1. Unfrozen Positioning- While being able to freeze a construction element in place is very useful for alignment, I find it equally problematic. Because if I want something to accurately align I have to play a guessing game on where to freeze an item in place to be at the right amount of distance for the positioning xyz value points to line up where I want them to, and as you probably guess it's a very tedious thing. I also think it would help to be able to enable transparency/intersecting placement via command key instead of having the block/plank/pole auto-stacking.
I think I do not understand this point. Unfrozen positioning is already there basically: simply do not freeze it. The frozen positioning is very helpful in aligning and seamless connecting (as far as possible) elements. Which improvement do you envision, exactly?
(My usual work flow is 1) to freeze an element at the nearest block position -- using [G] / [RCtrl] / [G] -- to ensure a consistent 'origin' and then 2) move it by a specific number of steps -- see this post for details on block size, assumed real size and step sizes --; each step is likely to introduce rounding errors, and for this I try to use as few of them as possible and to start from the nearest 'fix', assuming that block positions are internally represented as integers and then suffer no rounding/truncation errors).

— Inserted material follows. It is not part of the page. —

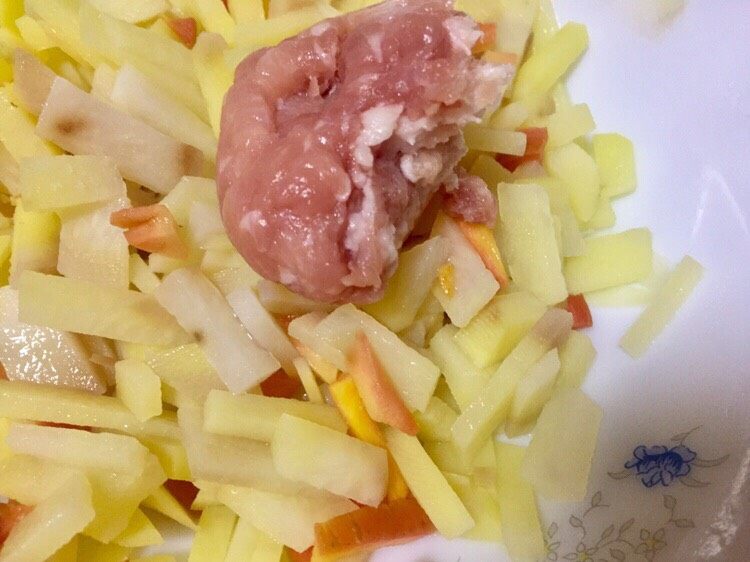 海藻肉沫土豆心,取出微波炉的土豆丁放入肉沫,老姜末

2. Coordinate Input: another suggestion is the ability to manually put in the xyz coordinates for your active construction item. Because this is an open world game I'd figure it would need to work by isolating a small area by highlighting blocks to work on (like with Blueprint creation). I don't know if inserting xyz values this could be a Command Control input or done via a unique type box opened up via keybinding. I'm not too confident if this one could work well
I am all for numeric input! However, the coordinate of which point of the plank/beam/log? Its origin? do you know/remember/can work out where the origin (or any other specific point) is in an element which has been rotated?

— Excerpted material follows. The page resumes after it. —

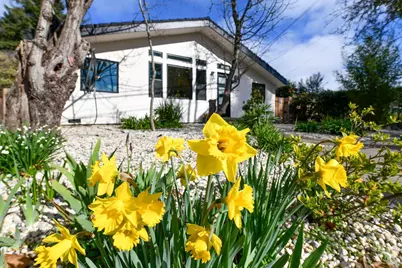 2470 W Pueblo Avenue, Napa, CA 94558 - Photo 3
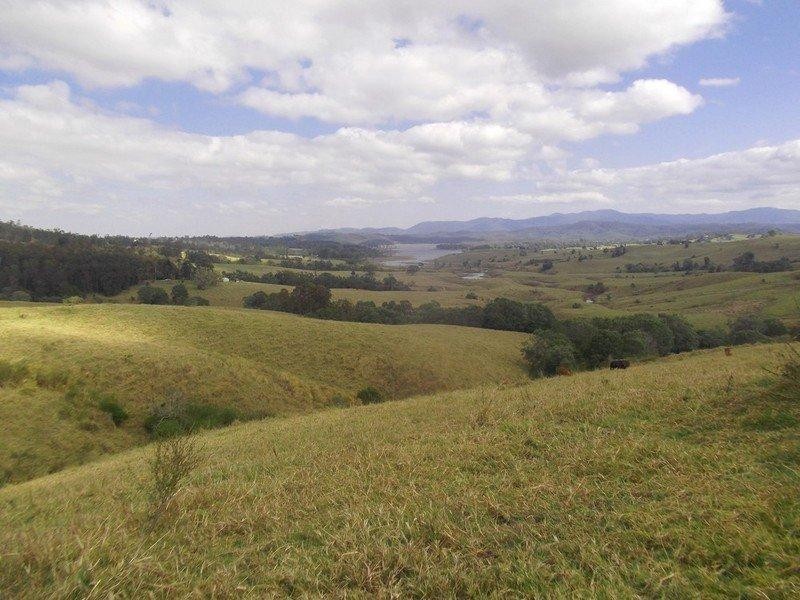 Lake Eacham QLD 4884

Currently, in the user interface, each of the X, Y, Z coordinate in RW is expressed as the index (possibly decimal) of block along the corresponding axis. Using decimal numbers for coordinates is likely going to introduce floating point errors again.
So the more precise way I can imagine looking from 'outside' of the code is to use the smallest step as measure unit. There are 400 position steps in a block. This would amount to specify a position as:
<block_index_X>|<step_index_X (0-399)>, <block_index_Y>|<step_index_Y (0-399)>,<block_index_Z>|<step_index_Z (0-399)>.
So, I share your impression that it could possibly not work very well either, particularly for sequences not following one of the coordinate axes (oblique sequences, stairs, spiral staircases, etc.).
3. Item Subtraction/'Hollowing'- Like with the terrain tools, have a setting in creative construction for your selected item to essentially cookie-cut out an area of an existing plank/beam/pole. This further expands possibilities and methods for unique creation; I know I would be absolutely enthralled to be able to just place a wood pole and align a smaller one to hollow it out and make fast and easy pots/cauldrons/pipes/rings (creating those manually are the bane of my existence)
This would definitely be a great addition! However, I do not expect it to happen any soon, or possibly ever. For the little I understand the way RW works, it would require an extensive, deep, structural rewrite of the code: possible, but not probable.
I would be content with more primitive shapes -- half log, quarter log / filled and hollow / ... -- and a greater range of size; this would at least allow to make rings, arcs, etc. much more easily than it is now.